Creates or extends an HDF5 dataset so that collect(x, into = writer) can
stream column blocks directly to disk without materialising the full matrix
in memory.
Usage
hdf5_writer(path, dataset, ncol, chunk = c(128L, 4096L), compression = 4L)Arguments
- path
Path to the HDF5 file. The file is created if it does not exist.
- dataset
Name of the dataset to create or update.
- ncol
Total number of columns that will be written. The writer uses this to size the target dataset up-front.
- chunk
Integer vector of length two giving the chunk size
(rows, cols)for the target dataset (optional).- compression
Gzip compression level (0-9). Use 0 for no compression, higher values for better compression at cost of speed.

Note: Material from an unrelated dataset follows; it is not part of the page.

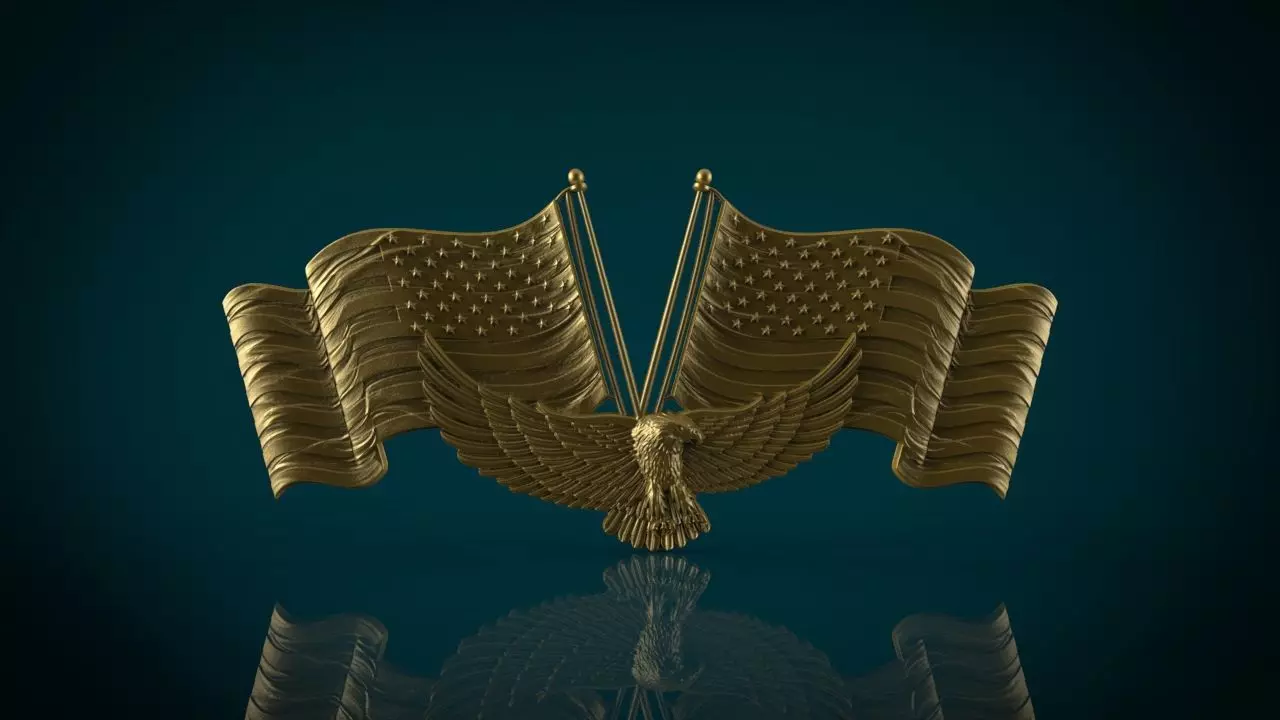 American Flag and Eagle 3D print model_3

Default is 4. Use NULL to disable compression entirely.
Value
A writer object with $write() and $finalize() methods understood
by collect().
Examples
# Create source data in a temp HDF5 file
tf_in <- tempfile(fileext = ".h5")
data <- matrix(1:20, nrow = 4, ncol = 5)
f <- hdf5r::H5File$new(tf_in, mode = "w")

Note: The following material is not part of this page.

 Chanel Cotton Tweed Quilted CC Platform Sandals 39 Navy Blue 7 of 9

f$create_dataset("X", robj = data)
f$close_all()
# Load, transform, and stream to output file
darr <- delarr_hdf5(tf_in, "X")
transformed <- darr |> d_center(dim = "cols")
tf_out <- tempfile(fileext = ".h5")
writer <- hdf5_writer(tf_out, "result", ncol = ncol(transformed), compression = 4L)

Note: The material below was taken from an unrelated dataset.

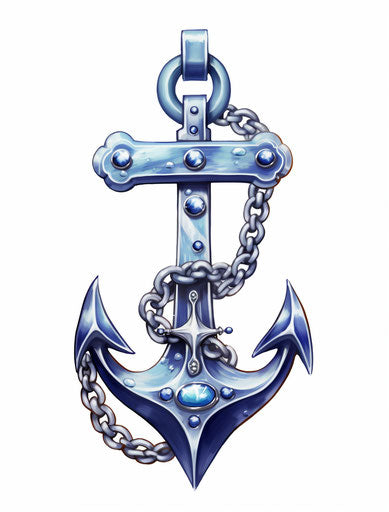 Nautical Anchor Tattoo Design for Men and Women, Sea Shark or Fishing Anchor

collect(transformed, into = writer)
# Verify output
g <- hdf5r::H5File$new(tf_out, mode = "r")
result <- g[["result"]]$read()
g$close_all()
result
#> [,1] [,2] [,3] [,4] [,5]
#> [1,] -1.5 -1.5 -1.5 -1.5 -1.5
#> [2,] -0.5 -0.5 -0.5 -0.5 -0.5
#> [3,] 0.5 0.5 0.5 0.5 0.5
#> [4,] 1.5 1.5 1.5 1.5 1.5
# Clean up
unlink(c(tf_in, tf_out))